Question

How do you simplify $\dfrac{1}{{2 + 3i}}$ and write in $a + bi$ form?

Answer 1

For solving such types of questions you have to first see the denominator. Here, in the denominator, there is a complex number. So whenever you have a complex number in a denominator you have to multiply the number by its opposite number. So after that, you will get a real number in the denominator.

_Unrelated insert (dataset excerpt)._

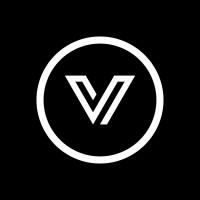 Vapes Direct Logo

Complete step by step answer:
So, for simplifying this equation we have to follow the below-given steps.
Now, assume you have a number $ai$ so the opposite of this number will be $- ai$.
Now, assume you have a number $c + ai$ so the opposite of this number will be $c - ai$.
Here, in this question, the denominator is a complex number so we have to multiply the number by its opposite number.
The denominator of the given number is $2 + 3i$ so the opposite of these numbers is $2 - 3i$.
So we will multiply the denominator and numerator by $2 - 3i$.
After multiplying the denominator and numerator by $2 - 3i$ we get,
$\begin{gathered} \Rightarrow \dfrac{1}{{2 + 3i}} \times \dfrac{{2 - 3i}}{{2 - 3i}} \\\ \Rightarrow \dfrac{{2 - 3i}}{{{2^2} - {{(3i)}^2}}} \\\ \Rightarrow \dfrac{{2 - 3i}}{{4 - 9{i^2}}} \\\ \end{gathered}$
Here, ${i^2} = - 1$
So, after substituting the value of ${i^2}$we get,
$\Rightarrow \dfrac{{2 - 3i}}{{4 - 9( - 1)}} \\\ \Rightarrow \dfrac{{2 - 3i}}{{4 + 9}} \\\ \Rightarrow \dfrac{{2 - 3i}}{{13}} \\\ \Rightarrow \dfrac{2}{{13}} - i\dfrac{3}{{13}} \\\$

So after comparing $\dfrac{2}{{13}} - i\dfrac{3}{{13}}$ to $a + bi$we get
Value of a is $\dfrac{2}{{13}}$ and value of b is $\dfrac{3}{{13}}$.

Note:
For solving such types of questions you should remember the opposite of $c + ai$ is $c - ai$. Sometimes students make mistakes by misunderstanding the opposite of $c + ai$ is $- c - ai$. If you misunderstood this thing then you will get the wrong answer.